But Rome. Rome was the greatest city of them all.

And the Pope ruled Rome, which made the position as much a governmental one as it was religious.

Lucrezia’s dad, Pope Alexander VI, bought the election. He had tons of money, and a good deal of influence, and he just straight up bought it, like some kind of 16th century Joe Kennedy. He paid for a landslide.

He also had a mistress, Vanozza dei Cattani, who gave birth to Lucrezia in 1480.

What kind of kid was Lucreiza? A pretty happy one, apparently. I think it’s fun to know that Lucrezia loved long baths. I mean, I know every lady magazine will tell you that is the number one thing you should be doing to relax and that you probably ought to be in a bathtub right fucking now, but at the time, it was seen as the height of eccentricity. I like this fact because it seems to indicate that she wasn’t afraid to be different.

She was certainly better educated than most women of the era – she studied music, poetry and the classics. She was also said to be somewhat flighty – she loved dresses and conversation. And she was also a stone fox, with long blonde hair that went to her knees. Though almost every woman from a powerful family during this period was said to be a beauty, in Lucrezia’s case it was probably true.

And she adored her father. She called him Papa, and was raised by his cousin. While it was considered okay for Alexander to have children even though he was a Cardinal in the church at the time, it was not considered appropriate for Lucrezia to be raised by his mother. However, every historian seems to agree that Alexander adored his children and he visited them constantly.

However, it is speculated that the lack of female role models in her early life, and being forcibly separated from her mother, could have troubled Lucrezia and contributed to her unusually close relationship with her father and brother.

And it made her sleep with her father.

Or not.

Loved trees too much

She was expected to sleep with someone at a shockingly early age, though.

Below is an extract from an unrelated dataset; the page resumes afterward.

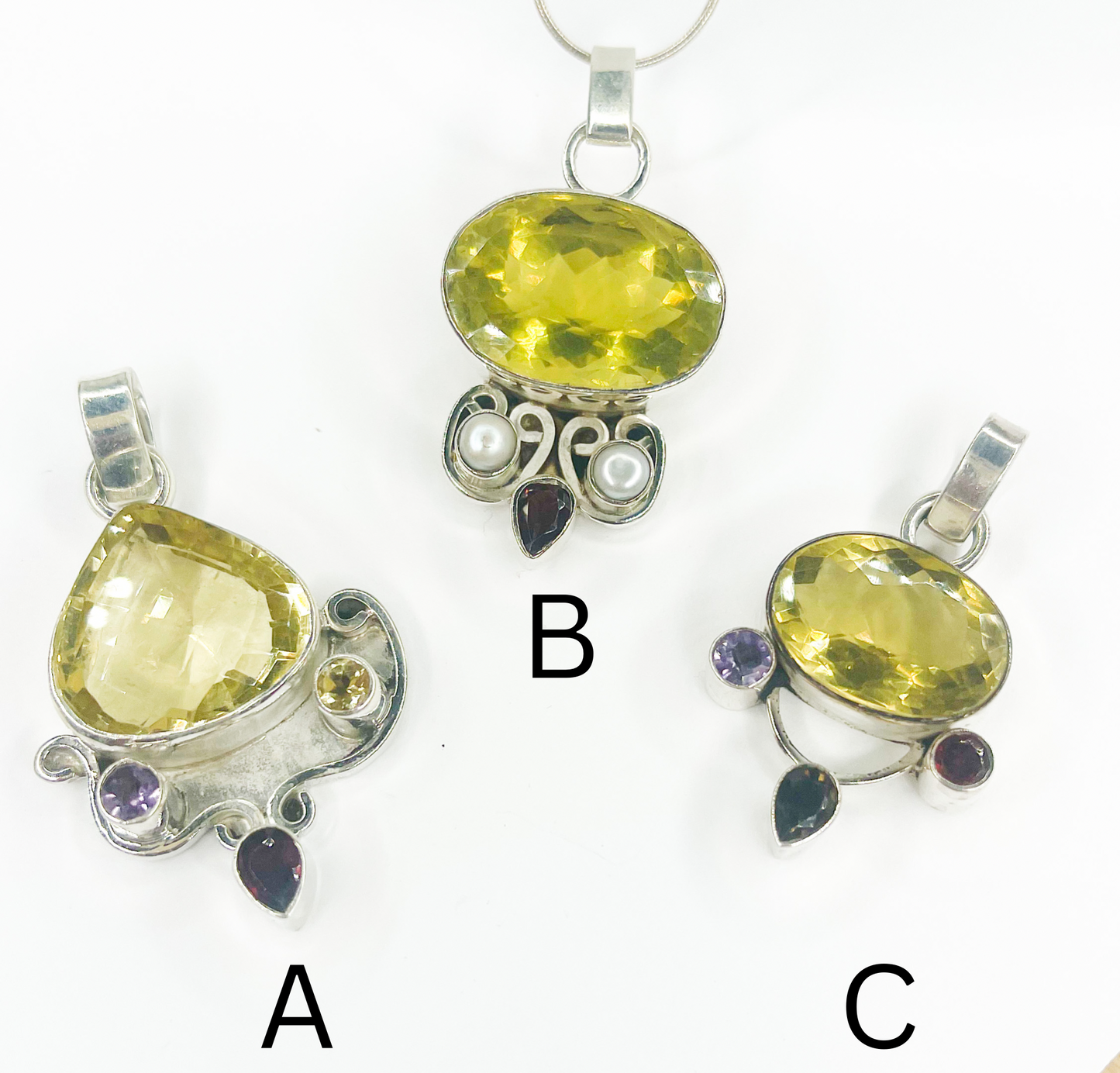 Citrine Pendant Mix-Solid Sterling Silver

Lucrezia was engaged at 11, shortly before her father became Pope, to to Giovanni Sforza, a man related to the ruling family in Milan.

In the Showtime series, Giovanni’s defining trait seems to be “being rape-y” (does it seem like there is at least one rape-y character on every TV show right now? Do I just watch the wrong shows? I feel like this wouldn’t happen with such frequency if I watched New Girl more) but this seems somewhat unlikely.

That marriage was awful, though. Lucrezia was, even as a child-bride of 13, used to the court of Rome. She had a difficult time adjusting to life on a country estate. That doesn’t necessarily mean Giovanni was a monster, he just liked trees and avoiding court intrigue.

Shortly after her marriage that Borgia family decided that they disliked Giovanni very passionately. This was for a lot of reasons, one of which – I want to add my own rumor into the historical mill – was probably because the Borgias hated trees.

And they had sex with trees. Also, that.

No, really, most of their reason for hating him seems to be because the engagement was agreed upon before Alexander became Pope. Once he did become Pope Alexander realized that he might have married Lucrezia to someone more influential if he’d just waited one more year.

By all accounts Giovanni Sforza was a nervous, fidgety, charmless, talentless man – something of a Barney Fife type. Nobody says anything terrible about him. He’s just a dork. I do not associate these traits with being super rapey, but, goodness, that will certainly make Andy Griffith re-runs a lot more interesting.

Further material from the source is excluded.